Mount Booker near Lake Chelan (1903) 29″ x 42″ (Collins Memorial Library, U. Puget Sound)
Abby Williams Hill ’07, who has been featured before, was one of the most prominent artists to come out Grinnell. Her collection of landscape paintings, from the early 1900s, portrayed the national parks and western landscapes to a wide public audience, being exhibited at the World’s Fair in St. Louis in 1904, and then published in serial form (subsidized by railroad companies eager to promote western tourism).

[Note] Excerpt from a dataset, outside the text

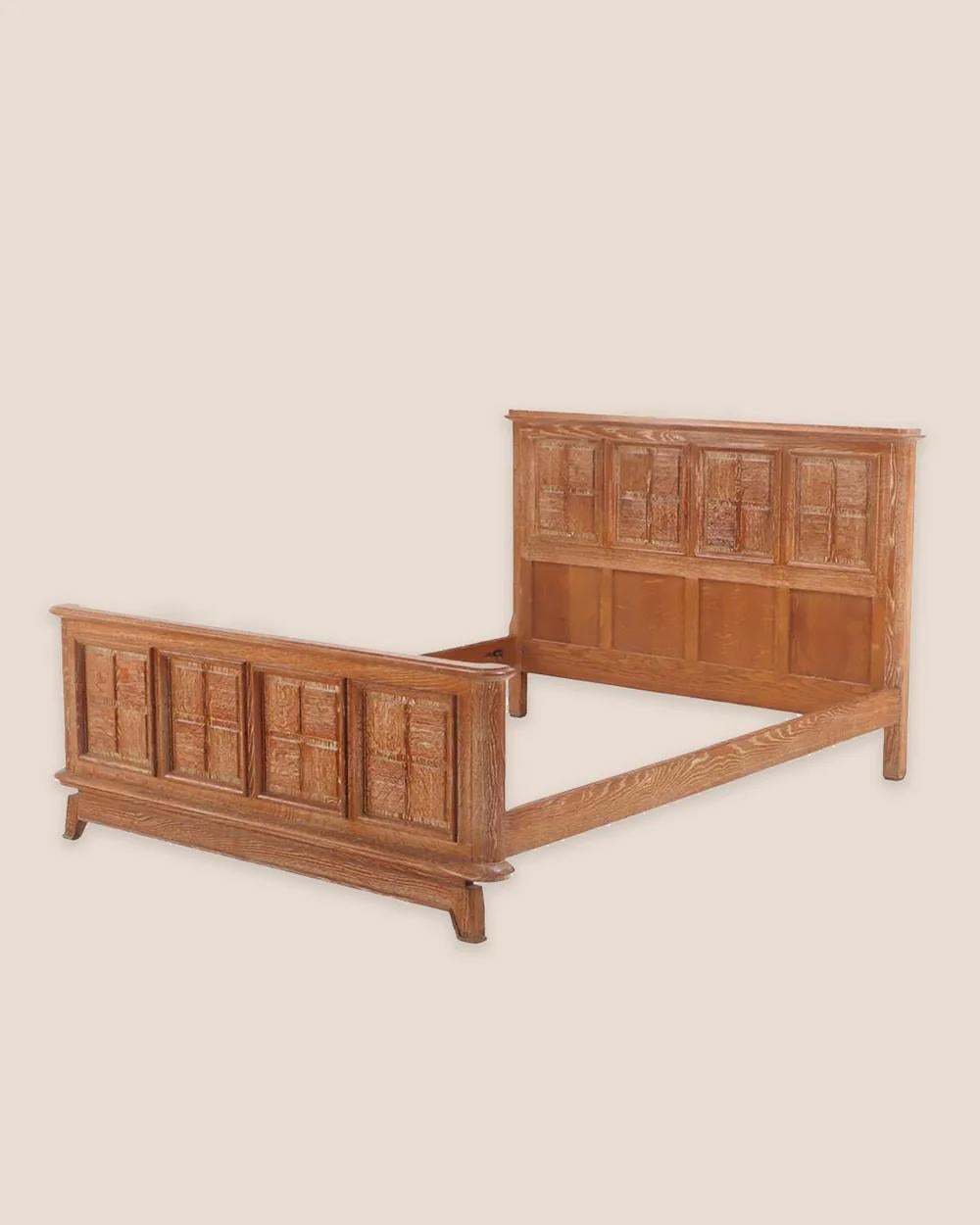Art Deco Cerused Oak Paneled Full Size Bed, France, 1940'S For Sale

Hill was painting one particularly arresting peak, in the Cascades in 1903, when she was surprised to learn that no one knew of a name for that specific mountain. She wrote to the U.S. Geological Survey, which reported back (to their own surprise) that it was one of the few peaks that had not been assigned an official place name, a toponym, in their records. So they gave Hill the opportunity to choose its official name. She wrote back saying that she would like it to be named after Booker T. Washington, someone she admired deeply. Only a few years earlier, Hill had taken her four children on a whistle stop tour of Progressive America, visiting prominent reform sites such as Jane Addams’ Hull House, in Chicago, and Booker T. Washington’s Tuskegee Institute, in Alabama, where she spent a considerable amount of time in the company of both Booker and Margaret Murray Washington.

When interviewed by a New York newspaper about the name choice, Hill explained:
Here was a glorious monument not made by the hand of man but carved by the Almighty. What could be more fitting than to name it for one of the most truly great men of our times… When we look at Mt. Booker let us be thankful for Booker Washington’s life, for what he did to solve seemingly impossible problems… His influence like the stream from the mountain will go on through the ages to bless and help mankind.
Naming a mountain after an African American stirred some controversy in the press, , as Grinnell’s local newspaper, the Herald, explained:
This aroused negro-phobia into activity. The name became a red rage for anti-negro venom. Choice epithets easily imagined, fell in a shower of mud around her [Abby Hill]; an effort was made to change the name. The Government at Washington was consulted but only to learn that the name was given by authority, was a matter of record, and could not be changed.
In Grinnell, Booker T. Washington was a widely admired figure, invited twice to speak to the Grinnell community, and the subject of many talks and papers on campus during this period.